Soooo…. should I get one?…

Gah! stop asking awkward questions! The ‘Steam Link’ fills a gap in Valve’s couch gaming strategy. It is far from perfect, I suspect it will be subject to performance fluctuations depending of the breeze of network traffic and there is certainly a delay (I’d guess around 0.1s) based on watching the monitor out of the corner of my eye whilst playing. From that point of view it’s not going to compete with a direct connection for twitchy games that need split-second kapow-style reflexes.

For gamers willing to invest heavily in PC gaming on the couch then a Steam machine is probably a better option, likewise if your gaming PC is conveniently placed (and wouldn’t require the draping of cables everywhere like mine) then you should probably just buy wireless controllers and a long HDMI cable to directly hook up the screen. Similarly, if you have a PC connected to your TV for general media viewing then you could likely just install Steam and use the in-home streaming with the same performance as the ‘Link’. So the ‘Link’ only exists for the situation where you have no other computer connection to the TV, and only want to play games that don’t require lightning response times, yet you can still get an Ethernet connection to the device for a stable experience.

I’m happy with it as a product, but I’m also aware that I fit into that (relatively narrow) target audience. It’s a sign that Valve are determined to provide enough hardware and software solutions to cater for everyone; I guess 2016 will reveal of they’ve been successful with this stealthy console takeover.

*’the missing link’; ‘… It’s off the chain’; ‘A Link to the future ‘;’ Zelda is the Princess’; ‘Valves Chain-link fence’

7 thoughts on “Steam Link Hardware Review: Chain Drive Steam Engine

  1. Great post. Steam Link sounds like an interesting piece of kit, and I can see what you’re saying about its limited appeal, although it sounds useful in theory for someone with the right setup like yourself. It’s just a shame, from the sounds of things you really need a wired connection for it to be worthwhile.
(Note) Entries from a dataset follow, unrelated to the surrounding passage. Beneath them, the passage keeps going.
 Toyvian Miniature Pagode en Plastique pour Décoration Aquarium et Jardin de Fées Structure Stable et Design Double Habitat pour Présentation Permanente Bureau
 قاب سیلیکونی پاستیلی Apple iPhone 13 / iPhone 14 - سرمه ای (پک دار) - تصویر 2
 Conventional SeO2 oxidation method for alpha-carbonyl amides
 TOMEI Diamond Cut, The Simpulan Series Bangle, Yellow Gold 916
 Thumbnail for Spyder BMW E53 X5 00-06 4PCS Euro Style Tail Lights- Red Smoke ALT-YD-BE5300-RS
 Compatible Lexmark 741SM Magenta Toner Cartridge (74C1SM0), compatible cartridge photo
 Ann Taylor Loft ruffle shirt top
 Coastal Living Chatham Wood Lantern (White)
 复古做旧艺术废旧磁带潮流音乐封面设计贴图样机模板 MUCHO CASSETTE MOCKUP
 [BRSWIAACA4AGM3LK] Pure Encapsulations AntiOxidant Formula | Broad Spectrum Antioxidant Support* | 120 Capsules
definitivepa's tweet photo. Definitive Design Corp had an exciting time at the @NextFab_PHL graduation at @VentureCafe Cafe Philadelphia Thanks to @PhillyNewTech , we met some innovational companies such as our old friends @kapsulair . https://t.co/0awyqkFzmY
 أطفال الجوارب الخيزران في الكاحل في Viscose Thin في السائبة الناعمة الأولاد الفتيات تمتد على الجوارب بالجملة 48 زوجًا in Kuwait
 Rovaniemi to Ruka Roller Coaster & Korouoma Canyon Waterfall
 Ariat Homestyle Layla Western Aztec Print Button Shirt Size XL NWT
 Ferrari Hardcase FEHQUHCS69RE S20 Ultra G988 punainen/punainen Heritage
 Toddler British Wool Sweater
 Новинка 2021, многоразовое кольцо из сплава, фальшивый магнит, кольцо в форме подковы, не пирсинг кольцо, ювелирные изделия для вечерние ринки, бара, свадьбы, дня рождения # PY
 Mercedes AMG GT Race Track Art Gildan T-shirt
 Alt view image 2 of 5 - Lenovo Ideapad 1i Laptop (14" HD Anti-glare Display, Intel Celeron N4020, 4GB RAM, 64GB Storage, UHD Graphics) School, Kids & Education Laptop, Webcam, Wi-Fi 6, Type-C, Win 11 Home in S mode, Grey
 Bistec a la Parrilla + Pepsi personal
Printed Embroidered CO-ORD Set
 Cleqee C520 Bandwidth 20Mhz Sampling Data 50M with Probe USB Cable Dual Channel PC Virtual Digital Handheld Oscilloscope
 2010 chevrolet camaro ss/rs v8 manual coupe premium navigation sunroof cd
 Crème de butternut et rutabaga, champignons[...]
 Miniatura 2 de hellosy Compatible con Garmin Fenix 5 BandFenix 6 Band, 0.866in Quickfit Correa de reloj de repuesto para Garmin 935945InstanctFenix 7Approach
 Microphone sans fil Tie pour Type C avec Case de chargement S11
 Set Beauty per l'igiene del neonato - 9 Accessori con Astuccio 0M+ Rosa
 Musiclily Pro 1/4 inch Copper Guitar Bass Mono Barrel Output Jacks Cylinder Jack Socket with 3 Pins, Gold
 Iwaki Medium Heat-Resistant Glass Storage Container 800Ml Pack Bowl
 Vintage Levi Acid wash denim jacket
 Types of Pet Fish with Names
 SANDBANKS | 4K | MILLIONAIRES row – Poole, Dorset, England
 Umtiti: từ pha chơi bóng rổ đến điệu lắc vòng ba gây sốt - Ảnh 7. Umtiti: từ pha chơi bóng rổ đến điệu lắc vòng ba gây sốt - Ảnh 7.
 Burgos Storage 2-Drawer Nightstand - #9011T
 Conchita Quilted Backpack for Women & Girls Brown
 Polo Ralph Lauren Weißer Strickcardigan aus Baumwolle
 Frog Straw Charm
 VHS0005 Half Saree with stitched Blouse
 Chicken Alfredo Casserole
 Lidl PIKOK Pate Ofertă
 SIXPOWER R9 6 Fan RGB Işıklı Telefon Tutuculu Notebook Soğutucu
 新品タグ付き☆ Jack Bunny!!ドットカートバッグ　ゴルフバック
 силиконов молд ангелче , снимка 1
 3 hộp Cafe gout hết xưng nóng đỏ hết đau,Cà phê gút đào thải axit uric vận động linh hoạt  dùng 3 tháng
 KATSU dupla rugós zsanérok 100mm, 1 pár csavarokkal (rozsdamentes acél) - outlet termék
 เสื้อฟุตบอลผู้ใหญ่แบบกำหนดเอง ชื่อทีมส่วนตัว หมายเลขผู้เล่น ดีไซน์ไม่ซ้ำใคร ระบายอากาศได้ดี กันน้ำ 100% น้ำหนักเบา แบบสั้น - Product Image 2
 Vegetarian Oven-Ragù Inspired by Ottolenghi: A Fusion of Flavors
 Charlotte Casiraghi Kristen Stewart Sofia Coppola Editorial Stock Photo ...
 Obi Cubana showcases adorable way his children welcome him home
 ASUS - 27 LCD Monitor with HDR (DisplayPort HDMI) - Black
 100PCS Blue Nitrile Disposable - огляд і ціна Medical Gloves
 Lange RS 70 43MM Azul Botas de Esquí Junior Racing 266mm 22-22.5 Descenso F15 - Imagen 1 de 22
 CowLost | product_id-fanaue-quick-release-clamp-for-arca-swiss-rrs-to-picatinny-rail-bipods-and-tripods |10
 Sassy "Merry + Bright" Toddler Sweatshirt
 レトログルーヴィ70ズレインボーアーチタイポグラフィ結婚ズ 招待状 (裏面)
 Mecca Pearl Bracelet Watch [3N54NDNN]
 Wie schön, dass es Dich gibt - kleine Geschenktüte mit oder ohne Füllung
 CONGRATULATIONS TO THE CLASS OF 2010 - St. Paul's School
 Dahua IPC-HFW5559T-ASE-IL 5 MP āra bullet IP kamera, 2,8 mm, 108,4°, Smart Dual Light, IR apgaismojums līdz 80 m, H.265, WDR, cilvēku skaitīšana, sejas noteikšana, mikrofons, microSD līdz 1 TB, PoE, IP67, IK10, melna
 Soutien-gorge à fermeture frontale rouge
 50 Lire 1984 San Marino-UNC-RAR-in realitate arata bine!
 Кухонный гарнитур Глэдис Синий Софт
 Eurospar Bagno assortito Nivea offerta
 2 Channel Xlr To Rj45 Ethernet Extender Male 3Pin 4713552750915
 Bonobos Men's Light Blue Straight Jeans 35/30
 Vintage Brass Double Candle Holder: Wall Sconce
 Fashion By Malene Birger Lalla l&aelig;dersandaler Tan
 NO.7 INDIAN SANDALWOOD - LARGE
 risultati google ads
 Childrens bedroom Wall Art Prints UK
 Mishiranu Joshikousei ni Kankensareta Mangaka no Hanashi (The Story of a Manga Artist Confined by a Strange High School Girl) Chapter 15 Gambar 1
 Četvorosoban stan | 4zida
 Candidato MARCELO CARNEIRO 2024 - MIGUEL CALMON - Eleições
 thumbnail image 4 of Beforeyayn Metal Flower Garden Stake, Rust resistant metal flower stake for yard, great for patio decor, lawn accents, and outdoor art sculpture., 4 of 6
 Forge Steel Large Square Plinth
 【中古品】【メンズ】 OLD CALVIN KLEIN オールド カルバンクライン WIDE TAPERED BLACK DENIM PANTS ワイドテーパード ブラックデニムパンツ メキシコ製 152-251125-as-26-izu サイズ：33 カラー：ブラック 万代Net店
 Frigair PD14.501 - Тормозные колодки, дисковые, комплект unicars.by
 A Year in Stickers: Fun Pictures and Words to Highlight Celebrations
    I recently got to experience some serious input lag for the first time using remote play between my PS3 and PSP. Problem is my PS3 isn’t close to an ethernet port, which effectively renders remote play untenable. It’s not 100% awful, but there’s enough lag to cause issues playing anything, including non-twitchy stuff like an RPG. Obviously the tech has improved somewhat since the PS3/PSP (I’ve heard that the PS4/Vita link is a lot stronger, for example), but unless you’re using something like the Wii U which doesn’t use the internet to broadcast, you’re always going to be pushing up against the limits of wireless – no small problem when it comes to streaming audiovisual content!

    Liked by 1 person

    1. I’ve played with it some more since posting – the notable framerate drop in Flock was due to that PC I’m fairly sure now. Interesting to hear the PS perspective; the idea is very neat, but you’re quite right, you need that wired connection to make it worthwhile.